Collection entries
=-=-=-=-=
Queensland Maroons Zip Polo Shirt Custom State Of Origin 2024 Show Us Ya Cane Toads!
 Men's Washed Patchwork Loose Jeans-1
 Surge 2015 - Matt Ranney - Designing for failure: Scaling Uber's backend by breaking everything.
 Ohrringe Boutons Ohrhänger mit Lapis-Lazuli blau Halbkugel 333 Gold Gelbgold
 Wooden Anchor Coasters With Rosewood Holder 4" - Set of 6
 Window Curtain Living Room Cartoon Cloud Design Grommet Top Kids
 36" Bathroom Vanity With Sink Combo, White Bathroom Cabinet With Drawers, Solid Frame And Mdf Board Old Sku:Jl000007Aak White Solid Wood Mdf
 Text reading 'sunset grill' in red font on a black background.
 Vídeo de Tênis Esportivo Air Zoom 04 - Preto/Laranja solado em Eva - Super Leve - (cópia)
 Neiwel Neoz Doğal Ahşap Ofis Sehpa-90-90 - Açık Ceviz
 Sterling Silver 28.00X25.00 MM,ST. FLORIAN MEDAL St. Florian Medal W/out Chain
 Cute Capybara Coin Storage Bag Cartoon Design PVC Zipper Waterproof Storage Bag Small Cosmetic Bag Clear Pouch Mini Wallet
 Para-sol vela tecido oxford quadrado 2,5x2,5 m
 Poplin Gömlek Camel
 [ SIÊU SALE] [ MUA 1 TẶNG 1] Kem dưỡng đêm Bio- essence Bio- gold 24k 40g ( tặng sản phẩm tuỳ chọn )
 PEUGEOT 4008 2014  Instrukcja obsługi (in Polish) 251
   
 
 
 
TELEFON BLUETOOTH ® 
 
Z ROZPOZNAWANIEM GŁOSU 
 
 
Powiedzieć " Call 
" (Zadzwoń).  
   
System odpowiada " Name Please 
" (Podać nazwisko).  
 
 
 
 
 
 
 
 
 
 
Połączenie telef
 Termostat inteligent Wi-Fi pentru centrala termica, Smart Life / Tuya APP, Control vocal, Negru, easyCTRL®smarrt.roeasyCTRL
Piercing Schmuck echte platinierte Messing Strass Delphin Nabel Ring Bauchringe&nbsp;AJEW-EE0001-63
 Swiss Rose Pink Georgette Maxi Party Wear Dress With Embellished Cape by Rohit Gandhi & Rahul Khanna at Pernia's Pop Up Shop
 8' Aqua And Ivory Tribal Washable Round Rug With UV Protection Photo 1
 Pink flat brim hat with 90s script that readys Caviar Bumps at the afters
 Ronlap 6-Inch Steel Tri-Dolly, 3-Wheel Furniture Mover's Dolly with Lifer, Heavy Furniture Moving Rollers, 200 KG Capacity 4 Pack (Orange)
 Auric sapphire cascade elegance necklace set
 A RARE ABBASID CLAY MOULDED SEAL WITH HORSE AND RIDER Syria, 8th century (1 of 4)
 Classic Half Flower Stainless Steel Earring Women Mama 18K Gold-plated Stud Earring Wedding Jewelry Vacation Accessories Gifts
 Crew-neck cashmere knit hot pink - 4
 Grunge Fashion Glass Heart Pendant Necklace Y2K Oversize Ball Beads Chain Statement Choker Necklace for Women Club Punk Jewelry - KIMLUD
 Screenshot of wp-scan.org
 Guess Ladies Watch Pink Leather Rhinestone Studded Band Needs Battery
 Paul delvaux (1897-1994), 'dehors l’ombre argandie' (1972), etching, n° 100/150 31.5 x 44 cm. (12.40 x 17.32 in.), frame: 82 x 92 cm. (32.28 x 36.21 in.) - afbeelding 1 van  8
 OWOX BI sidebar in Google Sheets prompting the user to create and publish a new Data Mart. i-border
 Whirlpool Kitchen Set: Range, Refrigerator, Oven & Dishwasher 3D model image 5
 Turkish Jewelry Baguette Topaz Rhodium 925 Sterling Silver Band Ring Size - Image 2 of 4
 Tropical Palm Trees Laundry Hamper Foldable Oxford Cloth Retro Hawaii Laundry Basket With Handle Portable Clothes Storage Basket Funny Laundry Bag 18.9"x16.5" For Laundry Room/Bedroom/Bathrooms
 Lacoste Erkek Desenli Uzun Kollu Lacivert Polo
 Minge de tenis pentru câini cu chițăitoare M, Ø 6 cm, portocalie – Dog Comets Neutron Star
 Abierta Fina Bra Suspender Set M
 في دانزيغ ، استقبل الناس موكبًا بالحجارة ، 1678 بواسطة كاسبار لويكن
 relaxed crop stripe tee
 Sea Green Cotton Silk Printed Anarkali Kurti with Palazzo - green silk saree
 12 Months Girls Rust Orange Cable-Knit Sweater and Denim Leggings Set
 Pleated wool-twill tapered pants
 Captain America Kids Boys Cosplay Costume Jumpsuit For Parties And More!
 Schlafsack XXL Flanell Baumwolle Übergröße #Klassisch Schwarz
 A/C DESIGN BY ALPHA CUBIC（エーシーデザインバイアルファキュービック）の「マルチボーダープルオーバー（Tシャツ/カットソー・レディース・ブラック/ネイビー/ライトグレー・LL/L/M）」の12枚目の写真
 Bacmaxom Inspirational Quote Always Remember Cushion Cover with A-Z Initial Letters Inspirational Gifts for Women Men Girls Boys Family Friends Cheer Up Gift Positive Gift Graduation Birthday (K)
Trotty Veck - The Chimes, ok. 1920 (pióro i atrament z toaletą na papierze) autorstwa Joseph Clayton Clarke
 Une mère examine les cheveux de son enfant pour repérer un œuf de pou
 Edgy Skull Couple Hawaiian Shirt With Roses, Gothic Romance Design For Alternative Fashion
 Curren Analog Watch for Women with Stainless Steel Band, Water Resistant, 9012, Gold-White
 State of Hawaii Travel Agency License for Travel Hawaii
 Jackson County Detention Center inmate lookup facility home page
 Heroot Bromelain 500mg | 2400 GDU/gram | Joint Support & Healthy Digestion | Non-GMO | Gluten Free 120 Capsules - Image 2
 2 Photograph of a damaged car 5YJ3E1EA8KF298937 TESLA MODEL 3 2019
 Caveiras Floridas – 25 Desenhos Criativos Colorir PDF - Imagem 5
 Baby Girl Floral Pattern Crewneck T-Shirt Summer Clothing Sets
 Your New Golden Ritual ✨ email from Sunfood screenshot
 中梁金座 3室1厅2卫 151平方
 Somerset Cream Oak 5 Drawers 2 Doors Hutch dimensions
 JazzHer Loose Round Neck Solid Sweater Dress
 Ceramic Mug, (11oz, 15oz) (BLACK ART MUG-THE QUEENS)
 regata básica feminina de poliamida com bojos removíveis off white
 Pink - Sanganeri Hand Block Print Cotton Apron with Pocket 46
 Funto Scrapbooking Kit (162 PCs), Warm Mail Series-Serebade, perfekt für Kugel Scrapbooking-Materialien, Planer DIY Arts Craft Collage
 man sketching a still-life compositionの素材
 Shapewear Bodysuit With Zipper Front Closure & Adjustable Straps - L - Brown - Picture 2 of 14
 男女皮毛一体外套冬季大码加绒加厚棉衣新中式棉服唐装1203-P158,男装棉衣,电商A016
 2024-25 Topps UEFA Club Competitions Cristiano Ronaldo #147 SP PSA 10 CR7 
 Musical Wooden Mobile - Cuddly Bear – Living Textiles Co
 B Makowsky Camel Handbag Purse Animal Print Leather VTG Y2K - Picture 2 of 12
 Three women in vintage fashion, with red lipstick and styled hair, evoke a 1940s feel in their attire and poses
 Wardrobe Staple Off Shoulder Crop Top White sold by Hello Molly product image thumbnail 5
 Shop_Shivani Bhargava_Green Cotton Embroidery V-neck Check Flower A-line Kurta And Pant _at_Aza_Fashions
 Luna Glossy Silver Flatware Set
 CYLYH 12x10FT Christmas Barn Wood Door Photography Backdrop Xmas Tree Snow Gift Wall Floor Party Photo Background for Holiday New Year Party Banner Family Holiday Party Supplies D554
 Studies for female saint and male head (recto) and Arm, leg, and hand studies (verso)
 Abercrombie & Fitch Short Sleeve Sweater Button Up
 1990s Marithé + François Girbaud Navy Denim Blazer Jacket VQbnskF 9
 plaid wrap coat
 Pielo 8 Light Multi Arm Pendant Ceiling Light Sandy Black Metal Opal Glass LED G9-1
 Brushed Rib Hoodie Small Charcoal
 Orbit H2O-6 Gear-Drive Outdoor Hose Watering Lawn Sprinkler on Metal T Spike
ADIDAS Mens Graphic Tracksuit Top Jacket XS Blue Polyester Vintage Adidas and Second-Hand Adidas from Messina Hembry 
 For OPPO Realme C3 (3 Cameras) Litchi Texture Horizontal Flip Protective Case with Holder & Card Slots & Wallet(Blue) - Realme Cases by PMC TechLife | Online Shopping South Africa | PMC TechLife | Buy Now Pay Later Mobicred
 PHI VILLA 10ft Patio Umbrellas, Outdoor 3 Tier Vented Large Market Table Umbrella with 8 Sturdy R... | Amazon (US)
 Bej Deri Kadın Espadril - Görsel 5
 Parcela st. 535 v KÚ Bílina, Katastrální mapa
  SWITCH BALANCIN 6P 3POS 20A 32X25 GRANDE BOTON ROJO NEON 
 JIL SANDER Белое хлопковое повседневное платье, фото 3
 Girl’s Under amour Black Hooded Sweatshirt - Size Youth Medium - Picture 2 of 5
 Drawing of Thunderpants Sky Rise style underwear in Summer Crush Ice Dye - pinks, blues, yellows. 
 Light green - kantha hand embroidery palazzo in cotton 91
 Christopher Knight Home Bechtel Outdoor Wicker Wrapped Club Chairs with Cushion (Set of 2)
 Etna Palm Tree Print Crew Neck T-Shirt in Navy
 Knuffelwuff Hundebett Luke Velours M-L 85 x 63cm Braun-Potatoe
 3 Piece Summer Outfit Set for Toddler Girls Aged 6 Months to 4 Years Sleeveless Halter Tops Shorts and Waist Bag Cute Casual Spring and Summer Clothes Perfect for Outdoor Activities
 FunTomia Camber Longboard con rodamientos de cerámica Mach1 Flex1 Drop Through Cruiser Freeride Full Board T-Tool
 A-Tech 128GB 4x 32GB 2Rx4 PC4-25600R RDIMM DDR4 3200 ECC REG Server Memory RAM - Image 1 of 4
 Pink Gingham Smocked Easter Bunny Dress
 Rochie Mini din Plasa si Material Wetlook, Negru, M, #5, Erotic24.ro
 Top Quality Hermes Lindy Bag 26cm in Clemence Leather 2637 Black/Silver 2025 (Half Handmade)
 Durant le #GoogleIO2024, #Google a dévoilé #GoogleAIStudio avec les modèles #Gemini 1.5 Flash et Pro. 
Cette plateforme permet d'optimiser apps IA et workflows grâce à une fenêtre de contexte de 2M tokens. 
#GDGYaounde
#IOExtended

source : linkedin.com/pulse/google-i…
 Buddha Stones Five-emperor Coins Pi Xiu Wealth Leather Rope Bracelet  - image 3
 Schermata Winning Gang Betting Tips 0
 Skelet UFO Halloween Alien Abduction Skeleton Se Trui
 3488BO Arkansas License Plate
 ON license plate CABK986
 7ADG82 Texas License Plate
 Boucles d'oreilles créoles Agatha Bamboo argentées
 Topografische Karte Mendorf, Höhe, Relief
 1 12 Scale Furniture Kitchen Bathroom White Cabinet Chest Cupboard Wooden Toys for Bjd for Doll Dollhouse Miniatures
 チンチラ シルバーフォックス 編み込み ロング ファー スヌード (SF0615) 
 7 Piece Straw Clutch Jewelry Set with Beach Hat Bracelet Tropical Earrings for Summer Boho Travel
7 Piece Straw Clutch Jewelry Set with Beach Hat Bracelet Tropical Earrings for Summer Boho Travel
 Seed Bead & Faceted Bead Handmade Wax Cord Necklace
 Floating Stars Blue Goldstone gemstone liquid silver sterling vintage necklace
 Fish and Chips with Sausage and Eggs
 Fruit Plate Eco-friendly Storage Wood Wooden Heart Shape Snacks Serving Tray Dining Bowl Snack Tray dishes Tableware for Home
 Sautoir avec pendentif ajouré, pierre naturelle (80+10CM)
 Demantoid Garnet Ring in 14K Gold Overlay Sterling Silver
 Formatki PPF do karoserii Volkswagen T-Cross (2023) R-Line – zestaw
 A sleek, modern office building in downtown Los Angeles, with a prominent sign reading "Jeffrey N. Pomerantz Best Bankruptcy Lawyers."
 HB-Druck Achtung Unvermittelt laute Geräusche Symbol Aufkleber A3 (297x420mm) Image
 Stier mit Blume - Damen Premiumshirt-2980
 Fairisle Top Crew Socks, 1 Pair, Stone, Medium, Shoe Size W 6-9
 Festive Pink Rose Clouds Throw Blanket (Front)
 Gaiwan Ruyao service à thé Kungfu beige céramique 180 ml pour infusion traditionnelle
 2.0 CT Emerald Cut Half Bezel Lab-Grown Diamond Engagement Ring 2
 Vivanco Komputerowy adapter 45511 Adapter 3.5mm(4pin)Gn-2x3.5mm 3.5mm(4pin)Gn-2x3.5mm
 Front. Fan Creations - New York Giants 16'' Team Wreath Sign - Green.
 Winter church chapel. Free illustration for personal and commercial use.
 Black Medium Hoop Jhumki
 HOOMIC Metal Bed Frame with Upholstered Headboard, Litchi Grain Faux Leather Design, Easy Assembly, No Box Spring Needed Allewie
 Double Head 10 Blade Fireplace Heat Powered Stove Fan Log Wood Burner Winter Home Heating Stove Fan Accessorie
=-=-=-=-=
■ What is required
For each line above that carries the word "Negru", copy it out.

■ Written answer
 Termostat inteligent Wi-Fi pentru centrala termica, Smart Life / Tuya APP, Control vocal, Negru, easyCTRL®smarrt.roeasyCTRL
 Rochie Mini din Plasa si Material Wetlook, Negru, M, #5, Erotic24.ro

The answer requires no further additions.